Thursday, November 08, 2007

I Am Going to Quit Facebook

Even if it means not being able to lose at turn-based Scrabble or Noggin' to Hipster Law Prof anymore, if it means that I'm going to be a static billboard (silly you, no one walks and surfs the internet):

From the NYT:

As Facebook's website describes its new "Social Ads" program:

"Facebook Social Ads allow your businesses to become part of people's daily conversations. Ads can be displayed in the left hand Ad Space — visible to users as they browse Facebook to connect with their friends — as well as in the context of News Feed — attached to relevant social stories. The social stories, such as a friend's becoming a fan of your Facebook Page or a friend's taking an action on your website, make your ad more interesting and more relevant. Social Ads are placed in highly visible parts of the site without interrupting the user experience on Facebook."

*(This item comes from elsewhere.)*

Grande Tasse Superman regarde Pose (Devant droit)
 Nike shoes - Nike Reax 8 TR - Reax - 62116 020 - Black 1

Facebook says that many of its 50 million active users already tell friends about particular products or brands they like, and the only change will be that those communications might start to carry ad messages from the companies that sell them. Facebook is letting advertisers set up their own profile pages at no charge and encouraging companies like Blockbuster, Condé Nast and Coca-Cola to share information with Facebook about the actions of Facebook members on their sites.

As eager as advertisers are to tap into the rich trove of information that people freely offer about themselves on sites like Facebook and MySpace.com, there are nevertheless growing concerns about the privacy issues raised by such tactics. Facebook’s announcement yesterday came just a few days after a Federal Trade Commission hearing in Washington about online privacy and customized ads. The F.T.C. expressed concern that advertisers may have access to too much information about people’s online activities.

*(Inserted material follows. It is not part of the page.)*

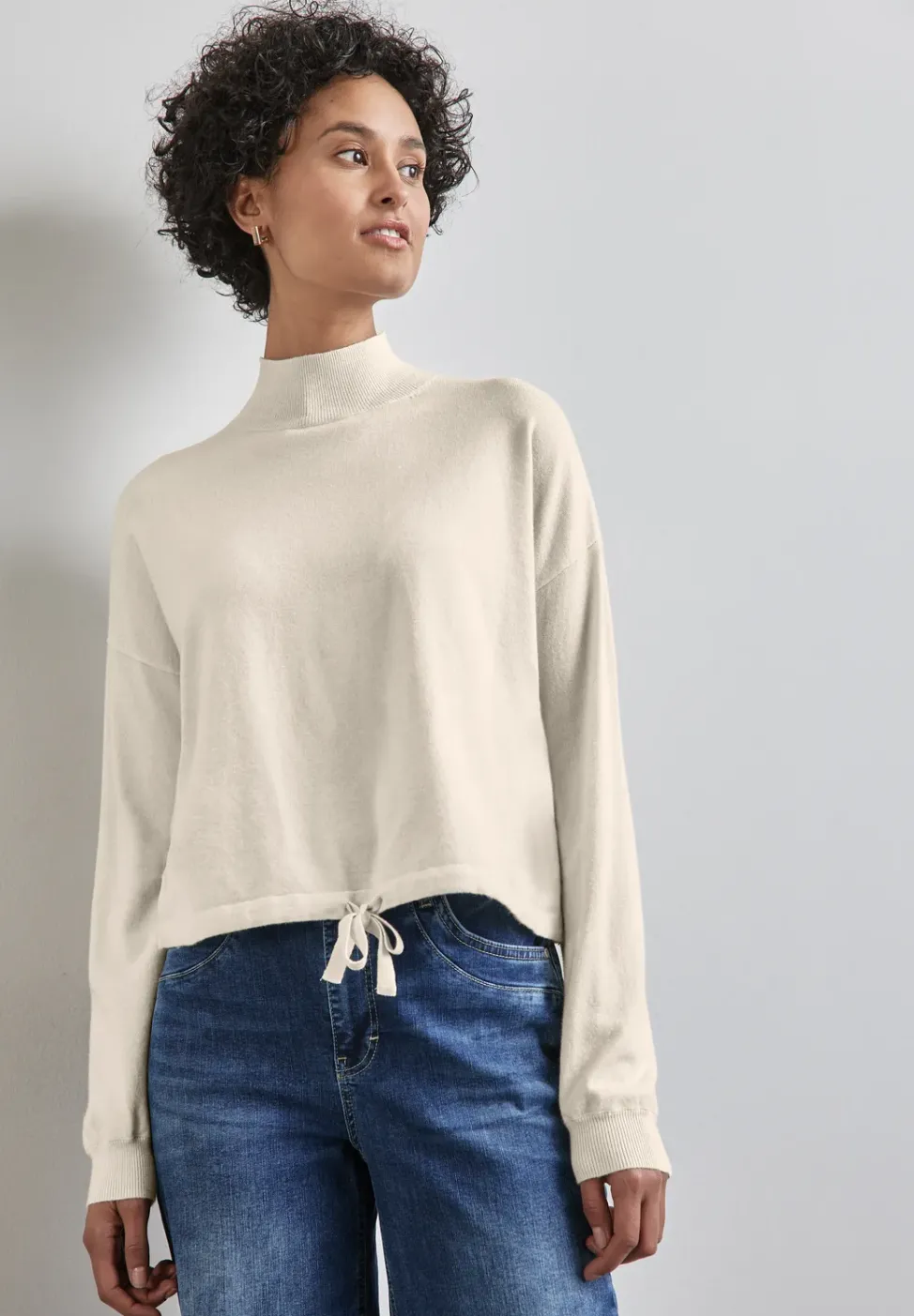 Kurzer Turtleneck-Sweater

Facebook says it is using only information that its members choose to share. And, while the site is using the information on behalf of advertisers, Facebook is not giving it to marketers, said Chris Kelly, Facebook’s chief privacy officer.


Dan Solove has this thoughtful analysis of Facebook's plan to use its users to generate and broadcast ads:

What is deemed to be valid consent to appear in the ads? It seems as though Facebook might be assuming that if a person talks about a product, then he or she consents to being used in an advertisement for it. But such an assumption might be wrong, and the use of a person's name or image in an advertisement without that person's consent might constitute a violation of the appropriation of name or likeness tort.

Hopefully, Facebook will start getting a better understanding of privacy. In my book, The Future of Reputation: Gossip, Rumor, and Privacy on the Internet, I discussed an earlier privacy misunderstanding by Facebook when it decided to create a system that notified all of a person's friends about new changes in the person's profile. The result: Facebook users were outraged. Facebook thought that there would be no privacy problem since the information was already public. But it was wrong.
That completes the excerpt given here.